> [Activity] Reproduce all entries precisely, down to the last character.

========

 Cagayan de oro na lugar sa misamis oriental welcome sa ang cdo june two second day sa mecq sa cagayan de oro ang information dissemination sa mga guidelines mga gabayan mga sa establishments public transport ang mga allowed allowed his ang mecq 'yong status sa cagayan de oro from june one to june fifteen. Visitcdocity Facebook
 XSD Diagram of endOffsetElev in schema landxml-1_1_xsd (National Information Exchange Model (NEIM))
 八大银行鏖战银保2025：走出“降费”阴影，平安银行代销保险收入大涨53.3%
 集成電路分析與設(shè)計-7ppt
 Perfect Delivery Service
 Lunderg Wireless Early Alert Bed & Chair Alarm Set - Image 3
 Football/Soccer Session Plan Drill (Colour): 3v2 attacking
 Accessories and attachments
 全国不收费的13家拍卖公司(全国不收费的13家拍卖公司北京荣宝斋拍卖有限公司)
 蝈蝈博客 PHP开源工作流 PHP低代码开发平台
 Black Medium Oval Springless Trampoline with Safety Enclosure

========

> [Exercise response]
 Cagayan de oro na lugar sa misamis oriental welcome sa ang cdo june two second day sa mecq sa cagayan de oro ang information dissemination sa mga guidelines mga gabayan mga sa establishments public transport ang mga allowed allowed his ang mecq 'yong status sa cagayan de oro from june one to june fifteen. Visitcdocity Facebook
 XSD Diagram of endOffsetElev in schema landxml-1_1_xsd (National Information Exchange Model (NEIM))
 八大银行鏖战银保2025：走出“降费”阴影，平安银行代销保险收入大涨53.3%
 集成電路分析與設(shè)計-7ppt
 Perfect Delivery Service
 Lunderg Wireless Early Alert Bed & Chair Alarm Set - Image 3
 Football/Soccer Session Plan Drill (Colour): 3v2 attacking
 Accessories and attachments
 全国不收费的13家拍卖公司(全国不收费的13家拍卖公司北京荣宝斋拍卖有限公司)
 蝈蝈博客 PHP开源工作流 PHP低代码开发平台
 Black Medium Oval Springless Trampoline with Safety Enclosure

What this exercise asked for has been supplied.